[[ Records for this task open ]]

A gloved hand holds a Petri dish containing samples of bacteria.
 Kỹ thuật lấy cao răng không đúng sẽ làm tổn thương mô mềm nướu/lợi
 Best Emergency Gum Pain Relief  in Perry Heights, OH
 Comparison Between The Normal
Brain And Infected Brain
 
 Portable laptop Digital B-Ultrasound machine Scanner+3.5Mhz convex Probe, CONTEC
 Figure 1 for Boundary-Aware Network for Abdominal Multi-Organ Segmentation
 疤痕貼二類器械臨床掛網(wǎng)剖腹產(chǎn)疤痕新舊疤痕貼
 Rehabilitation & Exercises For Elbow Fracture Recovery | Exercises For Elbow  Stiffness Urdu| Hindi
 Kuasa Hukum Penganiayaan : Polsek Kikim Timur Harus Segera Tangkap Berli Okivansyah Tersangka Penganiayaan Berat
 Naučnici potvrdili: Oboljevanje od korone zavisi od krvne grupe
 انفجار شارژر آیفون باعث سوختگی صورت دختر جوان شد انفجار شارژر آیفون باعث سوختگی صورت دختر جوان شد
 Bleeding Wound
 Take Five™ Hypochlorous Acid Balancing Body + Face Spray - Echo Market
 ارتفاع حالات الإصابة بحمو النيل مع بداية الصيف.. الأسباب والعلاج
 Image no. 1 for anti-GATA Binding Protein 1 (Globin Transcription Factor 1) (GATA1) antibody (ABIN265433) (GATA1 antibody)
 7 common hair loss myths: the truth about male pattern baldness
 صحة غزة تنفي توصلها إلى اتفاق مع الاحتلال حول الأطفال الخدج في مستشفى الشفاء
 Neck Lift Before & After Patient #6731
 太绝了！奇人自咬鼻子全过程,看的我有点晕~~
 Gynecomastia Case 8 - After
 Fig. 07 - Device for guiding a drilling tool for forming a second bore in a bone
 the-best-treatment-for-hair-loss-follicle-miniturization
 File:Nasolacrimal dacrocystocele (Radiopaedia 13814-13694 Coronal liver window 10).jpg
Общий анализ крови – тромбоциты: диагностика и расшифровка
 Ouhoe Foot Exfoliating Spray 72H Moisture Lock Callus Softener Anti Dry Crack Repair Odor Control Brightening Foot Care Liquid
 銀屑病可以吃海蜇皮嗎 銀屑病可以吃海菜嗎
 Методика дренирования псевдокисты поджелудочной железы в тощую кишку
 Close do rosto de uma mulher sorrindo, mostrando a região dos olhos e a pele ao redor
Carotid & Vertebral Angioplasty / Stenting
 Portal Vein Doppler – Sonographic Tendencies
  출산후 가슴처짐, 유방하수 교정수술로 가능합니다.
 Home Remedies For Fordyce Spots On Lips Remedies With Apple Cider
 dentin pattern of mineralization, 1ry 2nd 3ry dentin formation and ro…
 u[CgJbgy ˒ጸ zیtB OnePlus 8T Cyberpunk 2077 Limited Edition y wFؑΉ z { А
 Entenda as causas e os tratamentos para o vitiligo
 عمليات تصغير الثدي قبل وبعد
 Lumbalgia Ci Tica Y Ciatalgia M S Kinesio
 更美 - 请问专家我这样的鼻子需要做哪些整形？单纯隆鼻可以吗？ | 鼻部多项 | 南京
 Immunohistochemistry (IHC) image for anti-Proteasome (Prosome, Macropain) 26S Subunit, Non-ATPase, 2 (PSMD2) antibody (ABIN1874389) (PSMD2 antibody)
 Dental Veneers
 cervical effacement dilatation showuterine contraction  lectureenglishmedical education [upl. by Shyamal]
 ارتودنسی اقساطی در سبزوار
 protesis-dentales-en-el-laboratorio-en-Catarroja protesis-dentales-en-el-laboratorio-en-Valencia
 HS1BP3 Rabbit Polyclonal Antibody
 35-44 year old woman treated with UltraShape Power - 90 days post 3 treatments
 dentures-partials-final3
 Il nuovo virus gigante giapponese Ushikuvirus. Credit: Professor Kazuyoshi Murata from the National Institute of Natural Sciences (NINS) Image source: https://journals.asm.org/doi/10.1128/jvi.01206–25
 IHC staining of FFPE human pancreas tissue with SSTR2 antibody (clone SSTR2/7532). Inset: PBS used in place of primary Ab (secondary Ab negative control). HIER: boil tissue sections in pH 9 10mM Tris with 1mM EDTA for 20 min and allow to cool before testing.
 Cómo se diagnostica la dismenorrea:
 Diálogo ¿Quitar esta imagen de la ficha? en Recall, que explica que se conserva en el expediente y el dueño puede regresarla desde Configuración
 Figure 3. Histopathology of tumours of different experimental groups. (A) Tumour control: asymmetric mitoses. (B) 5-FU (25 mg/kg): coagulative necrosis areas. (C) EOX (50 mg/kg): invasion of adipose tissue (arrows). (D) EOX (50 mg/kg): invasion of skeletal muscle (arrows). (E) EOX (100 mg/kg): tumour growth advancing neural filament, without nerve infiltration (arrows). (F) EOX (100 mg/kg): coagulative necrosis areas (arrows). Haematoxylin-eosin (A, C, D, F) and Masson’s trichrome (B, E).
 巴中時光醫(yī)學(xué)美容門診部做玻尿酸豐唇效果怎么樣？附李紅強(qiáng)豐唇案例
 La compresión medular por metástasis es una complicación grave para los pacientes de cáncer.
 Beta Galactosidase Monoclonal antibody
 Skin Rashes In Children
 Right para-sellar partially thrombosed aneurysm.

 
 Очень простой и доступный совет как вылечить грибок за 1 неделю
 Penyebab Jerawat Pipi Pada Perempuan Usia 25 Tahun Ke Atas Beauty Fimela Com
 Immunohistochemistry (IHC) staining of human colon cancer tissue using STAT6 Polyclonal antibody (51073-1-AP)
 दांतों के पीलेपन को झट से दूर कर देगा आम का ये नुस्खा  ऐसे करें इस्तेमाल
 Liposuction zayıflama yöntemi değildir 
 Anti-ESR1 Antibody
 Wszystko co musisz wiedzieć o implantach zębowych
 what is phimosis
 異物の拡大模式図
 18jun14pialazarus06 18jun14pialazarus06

[[ Records for this task closed ]]

### Description of the task
Up to and including the line that contains "疤痕貼二類器械臨床掛網(wǎng)剖腹產(chǎn)疤痕新舊疤痕貼", restate each line of the material above word for word, beginning with its first line.

### Answer
A gloved hand holds a Petri dish containing samples of bacteria.
 Kỹ thuật lấy cao răng không đúng sẽ làm tổn thương mô mềm nướu/lợi
 Best Emergency Gum Pain Relief  in Perry Heights, OH
 Comparison Between The Normal
Brain And Infected Brain
 
 Portable laptop Digital B-Ultrasound machine Scanner+3.5Mhz convex Probe, CONTEC
 Figure 1 for Boundary-Aware Network for Abdominal Multi-Organ Segmentation
 疤痕貼二類器械臨床掛網(wǎng)剖腹產(chǎn)疤痕新舊疤痕貼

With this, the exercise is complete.